A Last Minute Shopper’s Guide To Avoiding Overspend
‘Tis the season to be spending. It started with Black Friday bargains and has carried through our lists of Christmas gifts and will keep going for almost two months afterwards. January sales! Valentine’s Day!
We tell ourselves that we’ll be good. But once we’ve reached the end of that nearly three-month stretch, we sometimes look back in frustration. There’s a combination of factors that go into it. Our own thinking. The powers of persuasion stores use to entice us. Recent nonfiction releases have taken an interest in these phenomena, so check out these takeaways before you take to the mall.
We make irrational spending choices
You may find it surprising, but humans are innately irrational. Daily decisions, including what we purchase, are usually not guided by logical thinking. Our emotions, expectations, and social norms heavily influence our choices, especially when it comes to spending.
Misguided buying behavior isn’t random, we make the same mistakes over and over again, causing us to be ‘predictably irrational’ in the eyes of top MIT behavioral economist, David Ariely.
Read on if you want to know why we overstuff ourselves at the work Christmas buffet, the reason we can’t resist ‘3 for 2’ offers, and why ‘free shipping’ isn’t a gesture of goodwill.
We love freebies
‘Free’ has a powerful emotional trigger. We’ll take it, even if it’s useless. We’ll eat that extra piece of cake at work’s holiday buffet, because it’s free. Why? When we pay for an item, we take the risk of losing out and hate the feeling of disappointment. But when something is free, there is no immediate economic risk plus a heightened value.

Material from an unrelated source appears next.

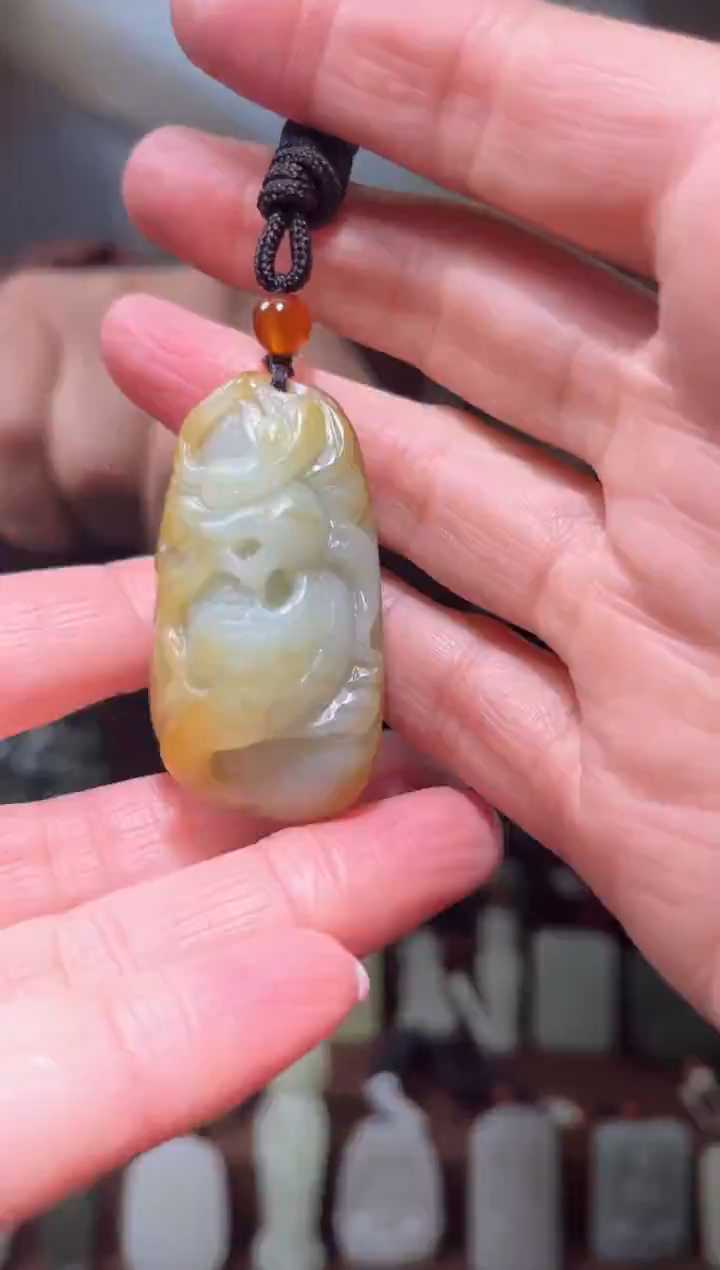 颈饰未镶嵌和田玉·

Amazon cashes in on the spending power of free by offering ‘free shipping’ when you spend over a certain amount of money. We are also often enticed by supermarkets to ‘Buy 2, Get 1 Free’ when we actually only wanted one of those items, or perhaps none at all. With the promise of ‘free,’ we just can’t resist.
Arbitrary coherence: The first quoted price affects our future purchases
How much we’re willing to pay for the latest gadget is not based on a rational ‘supply-and-demand’ calculation. Instead, we expect prices to be coherent, no matter how arbitrarily they are derived. To get an idea of what a new product is worth, we take the first price quoted as an anchor. Say the first Virtual Reality (VR) headset to hit the market is priced at $2,000. That’s our benchmark now, and we expect all other VR’s to be coherent with that sum. Another VR model for $1,800 will seem like a bargain, whereas one advertised for $3,000 a complete ripoff.
We’re blinded by brands
A banging headache will miraculously disappear after an 80-cent aspirin, but persist if we take a 1-cent aspirin… even if it’s the same aspirin! We irrationally believe that more expensive medicine works better, and this affects its potency. Similarly, our preference for brands radically impacts how we experience their quality.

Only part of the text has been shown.